Sometimes it is good to use offshore companies

Sometimes it makes sense to use an offshore registered company to carry out UK trading and investment activities.Even though such a company is likely to end up being subject to UK corporation tax this does not stop it being a non-UK asset for the purposes of UK inheritance tax.

Inheritance Tax Recap (Recap 1)

  • Individuals are generally subject to UK IHT on any UK situs assets that they own on death – irrespective of domicile position.

Non-UK Domiciled Recap (Recap 2)

  • UK resident, non-domiciled individuals can receive dividends from non-UK tax resident companies on which they only pay tax on a remittance basis (but they may have to pay a remittance basis charge).


Using offshore companies to carry out UK trading and investment activities will prevent the companies comprising UK assets in Recap 1 and potentially mitigate IHT.

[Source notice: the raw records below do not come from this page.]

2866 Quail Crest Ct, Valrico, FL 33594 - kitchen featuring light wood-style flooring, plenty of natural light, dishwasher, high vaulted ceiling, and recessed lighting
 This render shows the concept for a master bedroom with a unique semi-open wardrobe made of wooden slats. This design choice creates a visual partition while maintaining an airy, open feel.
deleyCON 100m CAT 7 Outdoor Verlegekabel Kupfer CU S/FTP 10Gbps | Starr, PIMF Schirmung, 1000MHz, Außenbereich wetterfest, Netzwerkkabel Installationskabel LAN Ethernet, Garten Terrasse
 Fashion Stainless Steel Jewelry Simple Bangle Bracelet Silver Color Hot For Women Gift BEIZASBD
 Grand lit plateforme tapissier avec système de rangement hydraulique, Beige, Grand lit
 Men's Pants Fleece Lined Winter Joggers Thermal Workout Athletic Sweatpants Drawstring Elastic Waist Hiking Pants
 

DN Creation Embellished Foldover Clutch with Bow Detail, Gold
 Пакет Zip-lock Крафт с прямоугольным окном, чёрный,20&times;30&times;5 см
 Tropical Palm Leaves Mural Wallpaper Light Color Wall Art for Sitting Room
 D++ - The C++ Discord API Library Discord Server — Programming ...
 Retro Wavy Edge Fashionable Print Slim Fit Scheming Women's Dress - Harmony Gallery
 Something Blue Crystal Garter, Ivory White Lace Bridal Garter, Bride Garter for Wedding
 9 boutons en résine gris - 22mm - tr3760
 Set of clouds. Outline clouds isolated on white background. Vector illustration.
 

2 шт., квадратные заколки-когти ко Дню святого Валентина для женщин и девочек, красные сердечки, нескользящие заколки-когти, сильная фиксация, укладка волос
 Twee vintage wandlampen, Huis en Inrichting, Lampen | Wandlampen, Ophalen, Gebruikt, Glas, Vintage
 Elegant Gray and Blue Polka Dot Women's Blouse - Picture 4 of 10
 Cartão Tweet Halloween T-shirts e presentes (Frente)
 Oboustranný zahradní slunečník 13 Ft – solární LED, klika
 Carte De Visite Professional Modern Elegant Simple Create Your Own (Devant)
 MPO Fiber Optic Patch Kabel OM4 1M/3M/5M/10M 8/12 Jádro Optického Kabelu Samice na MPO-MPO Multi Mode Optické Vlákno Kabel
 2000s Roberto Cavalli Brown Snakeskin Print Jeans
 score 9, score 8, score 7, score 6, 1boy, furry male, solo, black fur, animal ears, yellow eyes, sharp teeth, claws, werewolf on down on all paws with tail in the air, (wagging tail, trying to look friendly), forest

There is, however, a common misconception that using an offshore company will mean that any dividends which are paid from it will have a non-UK source. This is incorrect. Dividends will only have a non-UK source in cases where the company is not UK tax resident. This will usually be the case where it can be shown that central management and control takes place outside the UK. In cases where this is viable there may therefore also be income tax advantages.

The take home message is that it is not always appropriate from a tax perspective to use UK registered companies to undertake commercial activities based in the UK.